Although, geosocial media presents outstanding potential, much of this research is based on an analysis of the “density” of social media activity but does not necessarily take into account the characteristics of who is creating this activity. As such, the diversity of urban space is understudied in this regard, except for some notable exceptions. For example, Hristova et al. (2016) explore the potential of geosocial networks (Twitter and Foursquare) to capture the social diversity of urban locations through mobility patterns of their visitors. Similarly, Wu et al. (2019) use mobile phone application data to study people’s exposure to racial diversity by considering their entire activity space, while Dong et al. (2020) and Moro et al. (2021) use mobile phone and Twitter data to analyze (income) segregation. These studies rely on a proxy for the socio-economic characteristics of individual users in mobility datasets. Often little is known about each user in this regard, but a home location can be inferred from each mobility pattern. This home location can be tied to a specific census tract, of which the socio-economic characteristics can be used as an—imperfect—proxy for the characteristics of people from that tract. In this paper, we will use a similar approach—using a person’s home location as a proxy for the diversity of their socio-economic characteristics—but instead of taking residents as our ultimate unit of analysis, we apply this technique to analyze the density and diversity of small-scale urban spaces.

Although geotagged Twitter data have proven to offer valuable affordances for urban research, it is worth noting that such data have clear limitations as well.

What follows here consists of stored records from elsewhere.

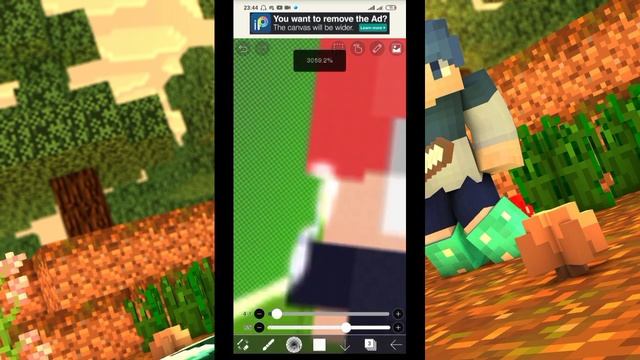 ?как сделать превью?? мкпе | майнкрафт смотреть онлайн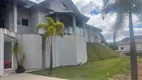 Foto 7 de Casa com 4 Quartos à venda, 391m² em Condominio Jardim das Palmeiras, Bragança Paulista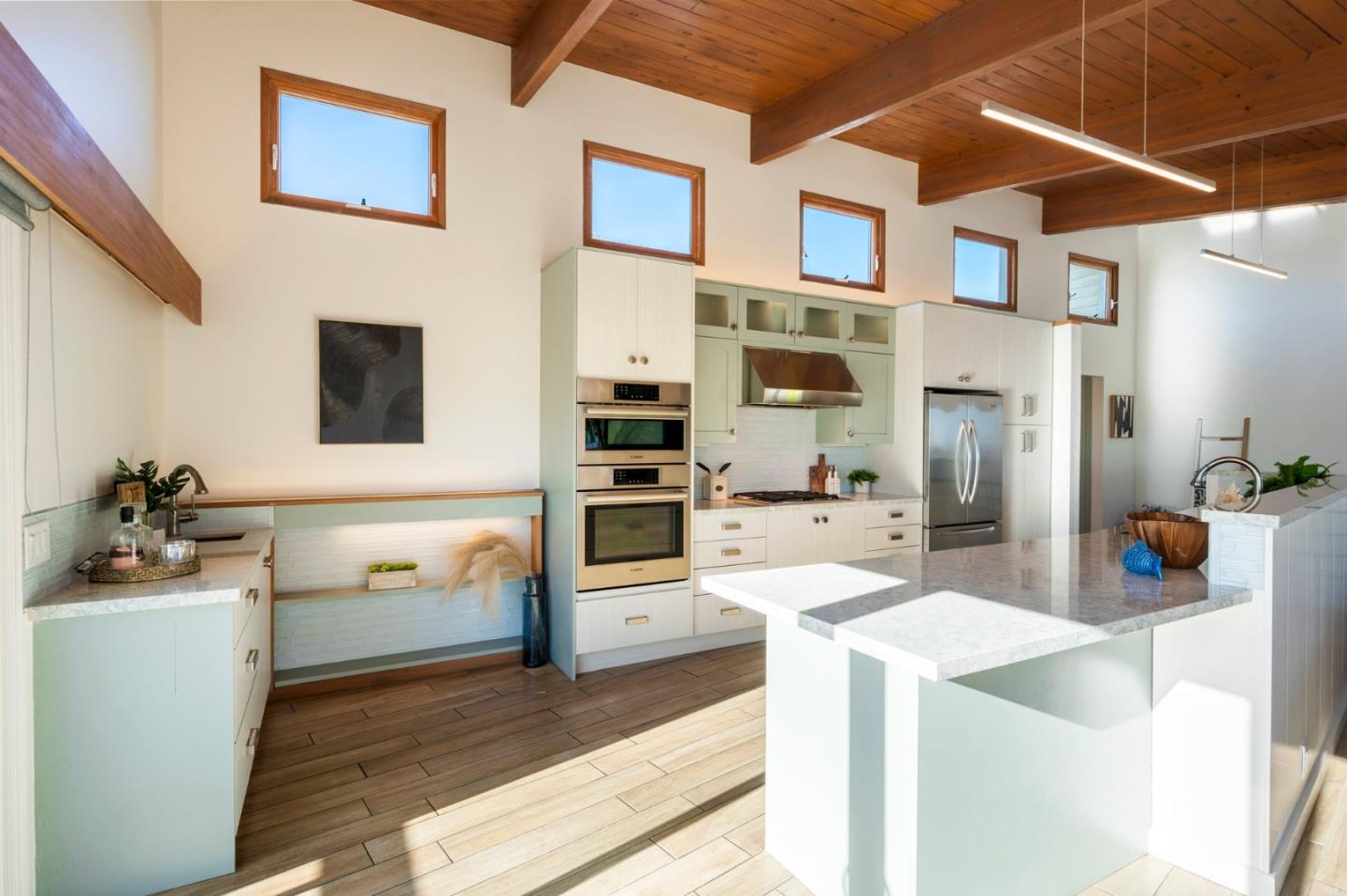 221 Rio Del Mar BLVD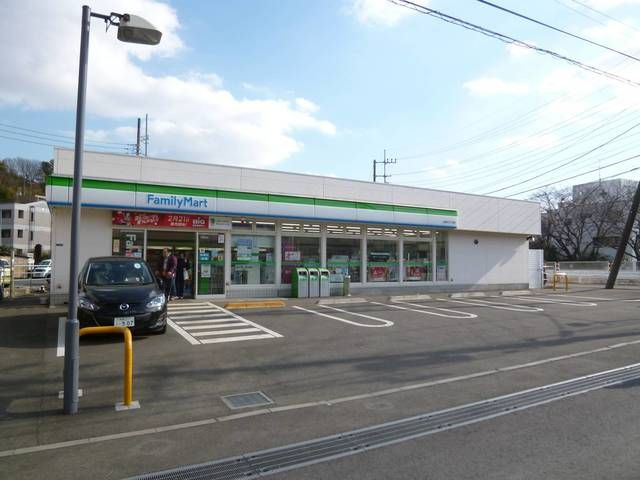 【周辺】 | リバーサイドヴィレッジ1棟
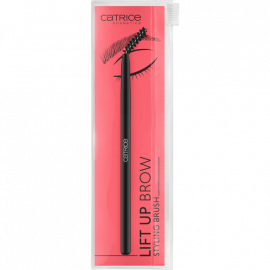 BROCHA PARA CEJASLIFT UP BROW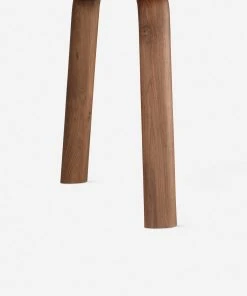 Lulu And Georgia Furniture Edel Dining Table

These limitations range from the more technical, such as spatial accuracy and precision (e.g., Mittal et al., 2019), to the representational—the uneven data “shadows,” potential biased representation, and overall lack of socio-demographic information (Longley et al., 2015)—to the ethical (Boyd and Crawford, 2012; Zook, 2017). Different efforts have been made to partially address these challenges, for example, through aggregating mobility patterns or inferring larger patterns based on statistical models (e.g., Alexander et al., 2015; Phithakkitnukoon et al., 2010; Ye et al., 2009), through contextualizing data with nearby land use information and point of interests (POIs) (Horozov et al., 2006), and through specifically evaluating the bias in these types of data (e.g., Longley et al., 2015; Luo et al., 2016). It should be noted that in most applications of Twitter data any such efforts can only partially address these limitations, for example, because a “ground truth” is simply not known. In this regard, such data are not a replacement for census and surveys based on a representative sampling strategy.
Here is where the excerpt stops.